Hamid Etemad (born 1945) is a Canadian organizational theorist, and Professor at the Desautels Faculty of Management, McGill University. He is best known for his work on international entrepreneurship and business, specifically the "internationalization of small and medium‐sized enterprises."

== Biography ==
Etemad received a M.Eng. degree from the University of Tehran as well as MBA, MSc and PhD degrees from the University of California, Berkeley.

Prior to joining McGill in 1978, he was a faculty member at Boston University and at University of California at Berkeley and San Francisco.

He is a professor at McGill University. Recognized for his approach-ability and insightful perspective on international marketing and international Entrepreneurship.
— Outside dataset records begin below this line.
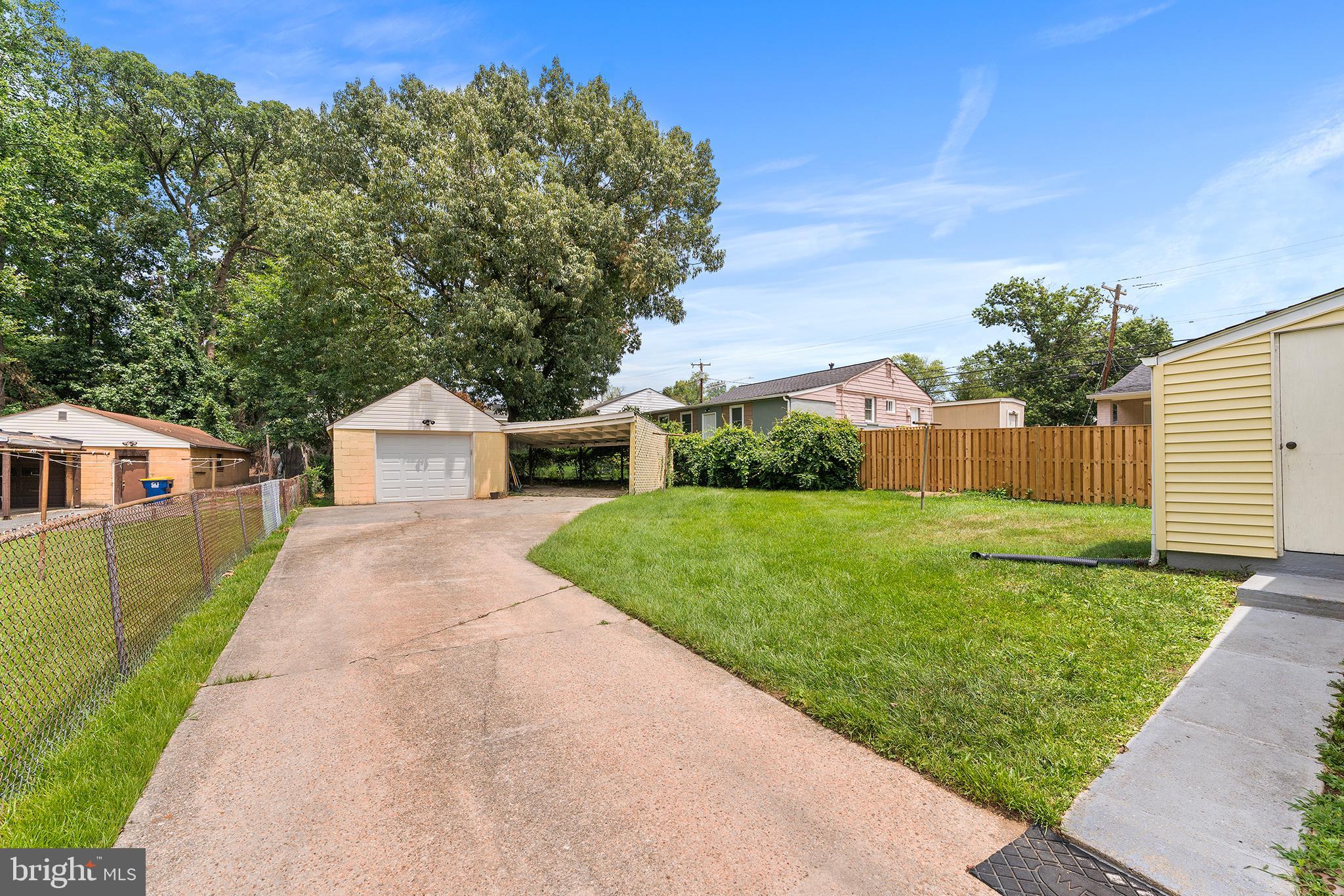 GLENARDEN WOODS - Residential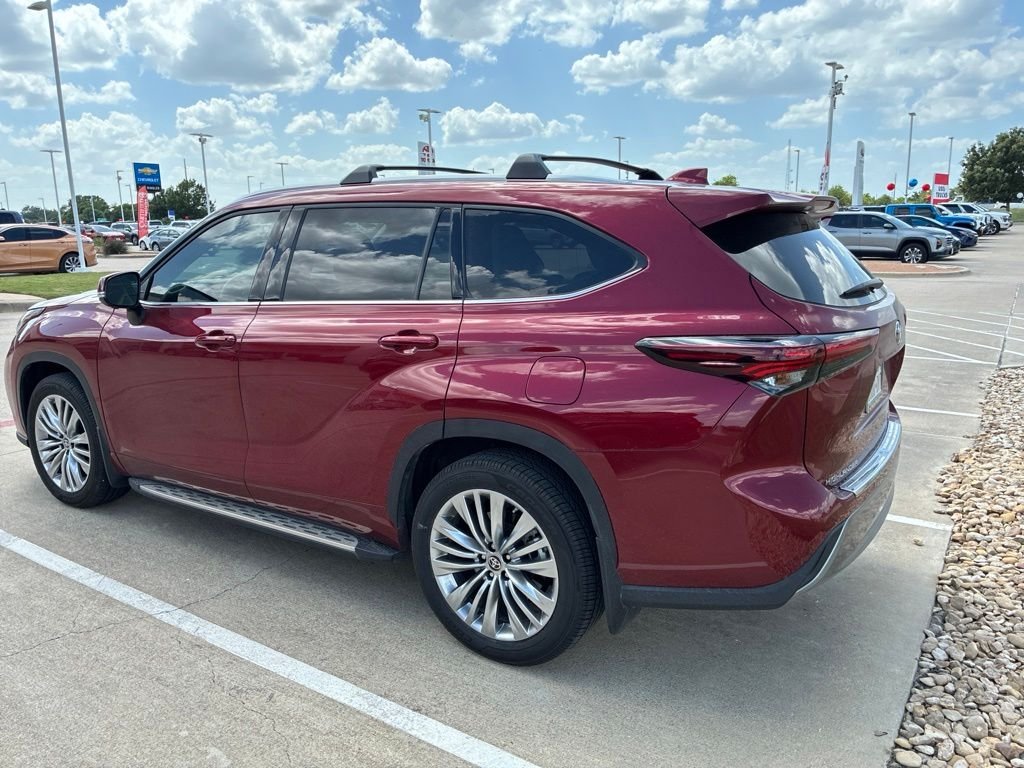 Used 2024  Toyota Platinum image 3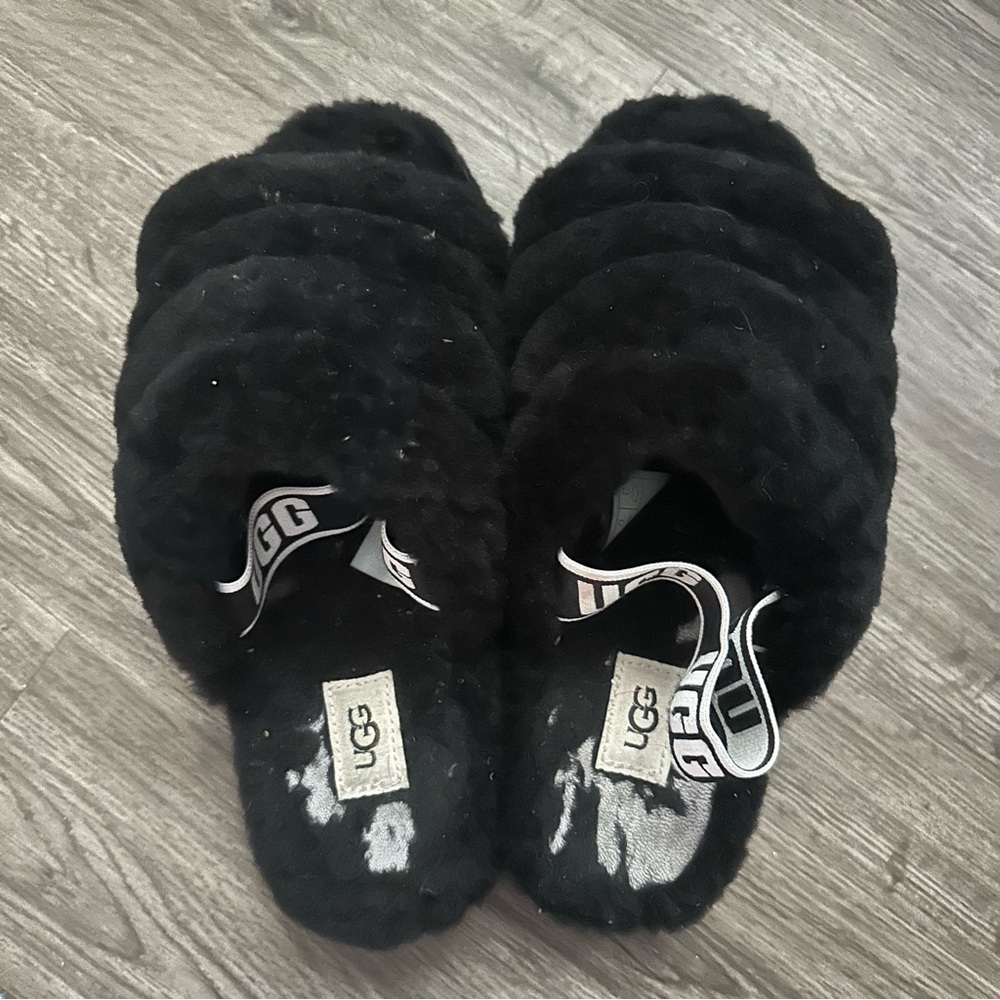 UGG Slippers - Picture 2 of 2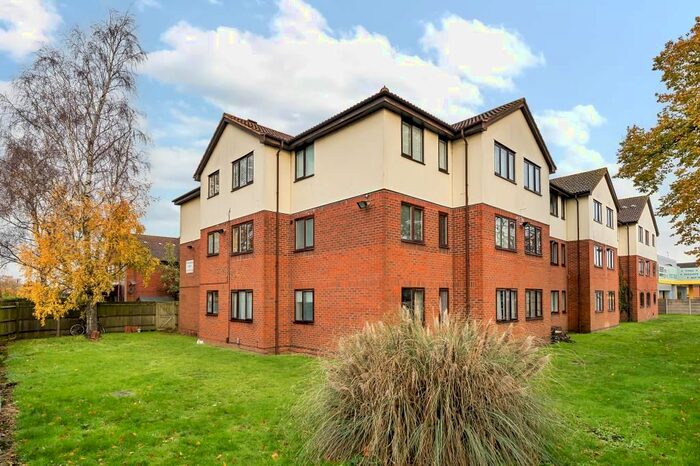 1 Bedroom Flat To Rent In Scotts Avenue, Sunbury On Thames, TW16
In 2007, Etemad received the Decade of Stewardship of International Entrepreneurship Award at UCLA's Anderson Faculty of Management and awarded Fellowship of the International Entrepreneurship Scholar Network in 2008 at the University of Otago, New Zealand.

He is the Editors-in-Chief of Journal of International Entrepreneurship (JIEN) Published by Springer and Senior Series Editor of McGill International Entrepreneurship Series of Books published by Edward Elgar Publishing.

== Work ==
Etemad's research interests focused on the internationalization of small and medium size enterprises (SMEs). He is a founder and organizer of the McGill International Entrepreneurship Conference as well as the editor-in-chief of the Journal of International Entrepreneurship.

In addition, Etemad has guest-edited 13 scholarly journal issues, including the Canadian Journal of Administrative Sciences, Management International Review, Small Business Economics, Journal of International Management, Journal of International Marketing and "Journal of International Entrepreneurship", among others. He is also an active member of numerous editorial boards, including the Journal of Small Business and Enterprise Development, the International Journal of Entrepreneurship and Innovation Management.

==Selected publications==
Etemad's publications include over 100 articles and 8 book volumes. Books, a selection:
- Etemad, Hamid, and Louise Séguin Dulude, eds. Managing the Multinational Subsidiary: Response to Environmental Changes and the Host Nation R. & D. Policies. Routledge, 1986.
- Etemad, Hamid, Stefano Denicolai, Birgit Hagen and Antonella Zucchella, eds. The Changing Global Economy and its Impact on International Entrepreneurship. Edward Elgar Publishing, 2016.

Articles, a selection:
- Etemad, Hamid, Richard W. Wright, and Leo Paul Dana. "Symbiotic international business networks: collaboration between small and large firms." Thunderbird International Business Review 43.4 (2001): 481-499.
- Etemad, Hamid, and Richard W. Wright. "Internationalization of SMEs: toward a new paradigm." Small Business Economics 20.1 (2003): 1-4.
- Etemad, Hamid. "Internationalization of Small and Medium‐sized Enterprises: A Grounded Theoretical Framework and an Overview." Canadian Journal of Administrative Sciences/Revue Canadienne des Sciences de l'Administration 21.1 (2004): 1-21.